Can I conduct a weighted regression if I have one observation per year? I am conducting a word analysis project where I find the relative frequency of a certain word over time in a corpus of film reviews. The corpus changes in size over time so someone suggested to me that I conduct a weighted regression to take this into account, as the variance of the occurrence of the word will be higher in years when the corpus is smaller.
Now, I had thought that a weighted regression was merely a normal regression but with weights attached to each observation (so relative frequency of word y in year x is weighted by the size of the corpus in that specific year).
I looked it up online, and a weighted regression turns out to be a different beast entirely. I need a standard deviation for Y for each year. Yet, in this project I only have one observation for each year: total occurrence of a word divided by number of words in that year. What is there that can vary within a year? Am I misunderstanding how a weighted regression works? Is a weighted regression in truth not suitable for my project?

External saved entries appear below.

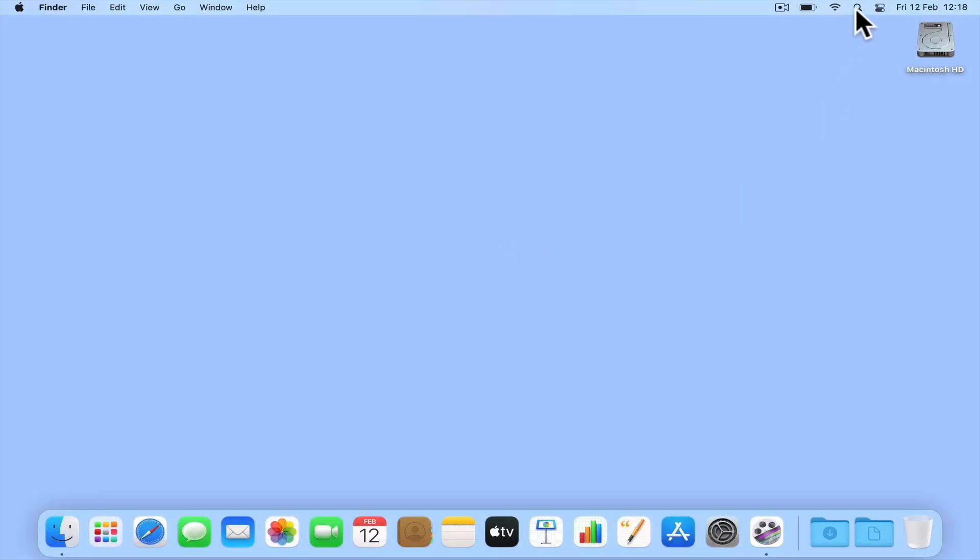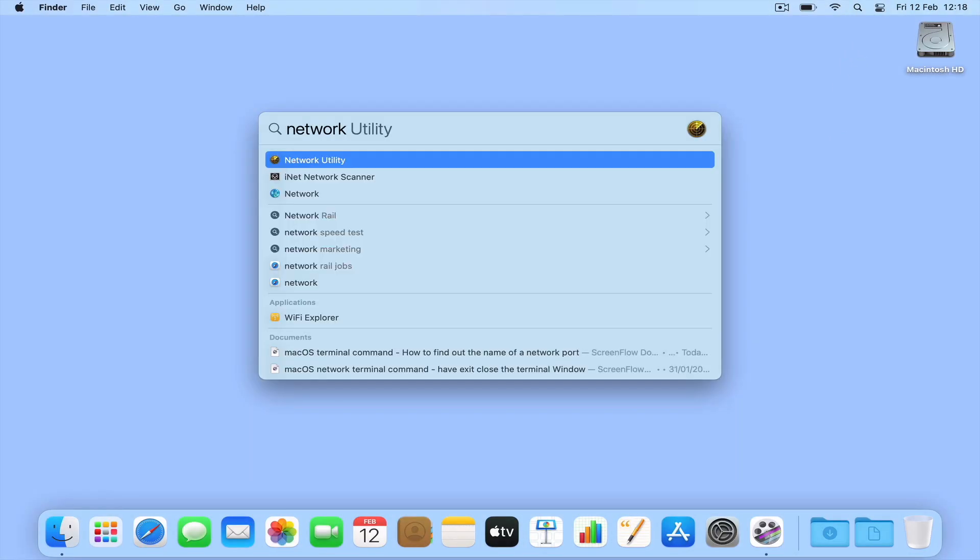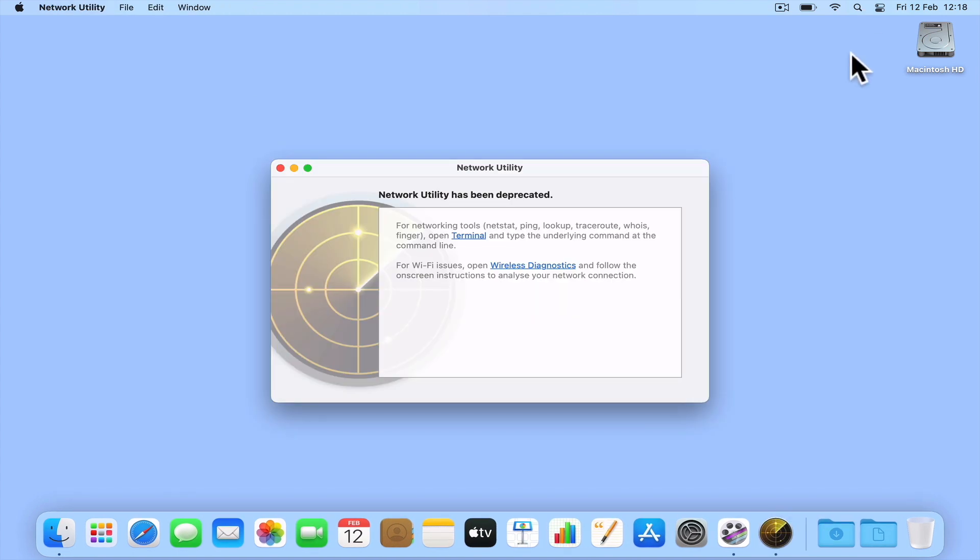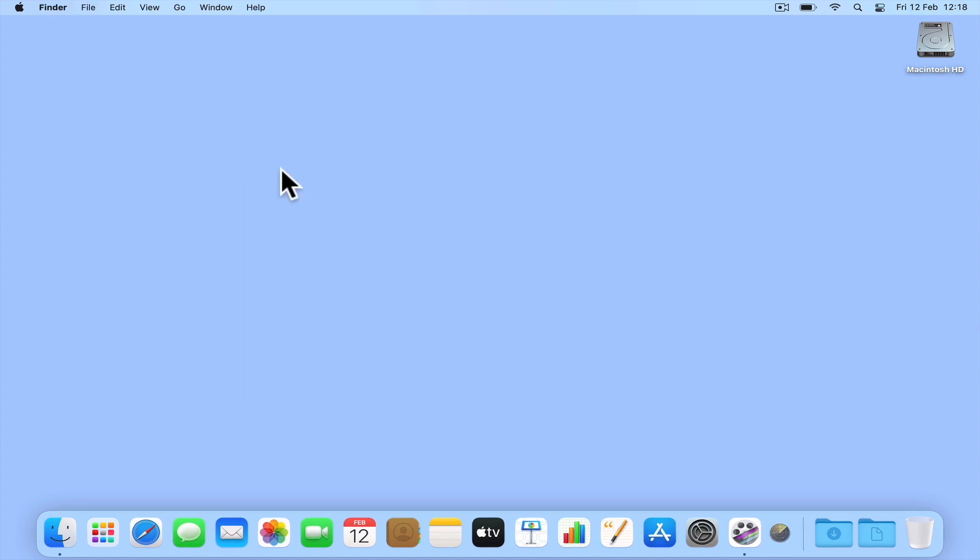As network utility has been deprecated in macOS 11, in this video we're going to take a look at a terminal command that will display the details for the DHCP lease assigned to our computer.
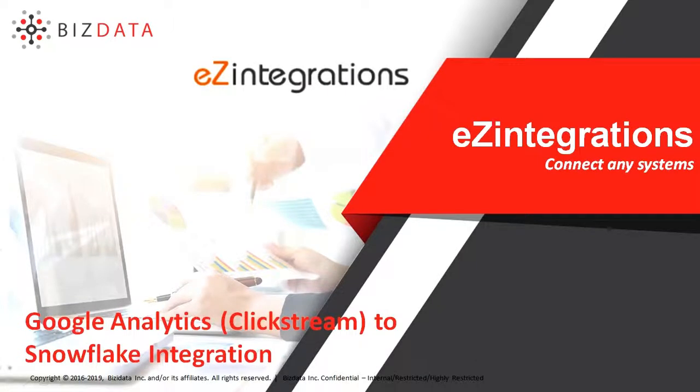Welcome to another demo series of Bizdata product solutions. Today we will take a look at how EZ Integrations product will help us to integrate clickstream data via Google Analytics to Snowflake.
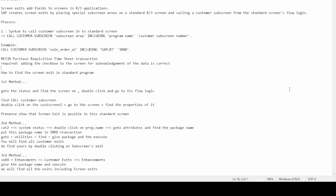For example, if a screen ABC has screen number 100 and it calls subscreen 200, in the flow logic of SAP standard screen 100 there is a syntax line that reads 'call customer subscreen'. By using this, SAP calls the subscreen area into the SAP standard screen.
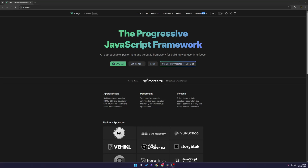In this video, I'm going to teach you how you can build your first Vue.js project using Vite to get started. Vue.js is a framework built on JavaScript that allows you to make front-end web applications. It's a progressive JavaScript framework, as it says on the website here.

Hope this is clear. This is really driving me nuts
 A: If I am not missing anything, you are doing a linear model for some variable $Y$ and one of your predictor variables is the frequency of a certain word in the corpus of a film review. Note the following, in a linear model $Y=\beta_0 + \beta_1 X_1 + \ldots + \beta_p X_p + \epsilon,$ the choice of a good estimator for the parameters depend on the shape of the variance-covariance matrix $V(\epsilon \vert X).$ Usually, the assumption of Homoscedasticity can be done and $V(\epsilon \vert X)=\sigma ^2 I_n.$ In other cases, this hypothesis is false  and $V(\epsilon \vert X) \neq \sigma ^2 I_n.$ In that cases is when you use weighted regression for taking into account this fact in order to get a good (unbiased and optimal) estimator. Therefore, performing a weighted regression or not depends on if you can assume Homoscedasticity in your model or not. It does not depend on the form of your variables. There are a lot of choices to test Homoscedasticity (see for instance Breusch-Pagan test https://en.wikipedia.org/wiki/Breusch%E2%80%93Pagan_test).

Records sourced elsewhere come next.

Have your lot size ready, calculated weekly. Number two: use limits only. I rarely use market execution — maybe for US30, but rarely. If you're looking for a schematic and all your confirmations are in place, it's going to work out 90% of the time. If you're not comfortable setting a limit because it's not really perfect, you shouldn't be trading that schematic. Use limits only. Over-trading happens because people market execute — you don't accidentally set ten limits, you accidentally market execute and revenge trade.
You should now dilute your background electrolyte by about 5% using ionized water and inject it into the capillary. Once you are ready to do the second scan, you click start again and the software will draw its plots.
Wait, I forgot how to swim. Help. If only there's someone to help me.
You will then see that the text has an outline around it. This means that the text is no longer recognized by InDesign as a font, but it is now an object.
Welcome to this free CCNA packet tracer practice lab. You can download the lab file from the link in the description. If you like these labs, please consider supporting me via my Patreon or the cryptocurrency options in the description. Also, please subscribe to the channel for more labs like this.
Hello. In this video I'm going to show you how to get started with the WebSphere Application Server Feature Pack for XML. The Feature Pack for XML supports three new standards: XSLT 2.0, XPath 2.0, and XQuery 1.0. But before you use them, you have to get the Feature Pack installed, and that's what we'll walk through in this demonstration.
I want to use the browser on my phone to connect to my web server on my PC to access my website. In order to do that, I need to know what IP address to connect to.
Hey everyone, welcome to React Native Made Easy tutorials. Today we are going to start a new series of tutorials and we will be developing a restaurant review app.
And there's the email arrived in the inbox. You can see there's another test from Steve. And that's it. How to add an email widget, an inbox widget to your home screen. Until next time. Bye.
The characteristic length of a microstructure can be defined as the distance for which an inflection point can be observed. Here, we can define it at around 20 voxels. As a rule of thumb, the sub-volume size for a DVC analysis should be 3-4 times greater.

So summarizing, take your initial regression and test Homocedasticity in order to know if you should perform a weighted regression. Try also with the absolute frequency (which takes into account the size of the corpus) and maybe you have Homoscedasticity and you can use a standard linear regression.
Finally, one fantastic fact, if you get wrong and use a standard regression (LSE estimator) in the case of heteroskedasticity, this estimation is not the best (because the best is using weighted regression) but it is not that bad (this estimator is consistent, that is, converges in probability to the true parameters).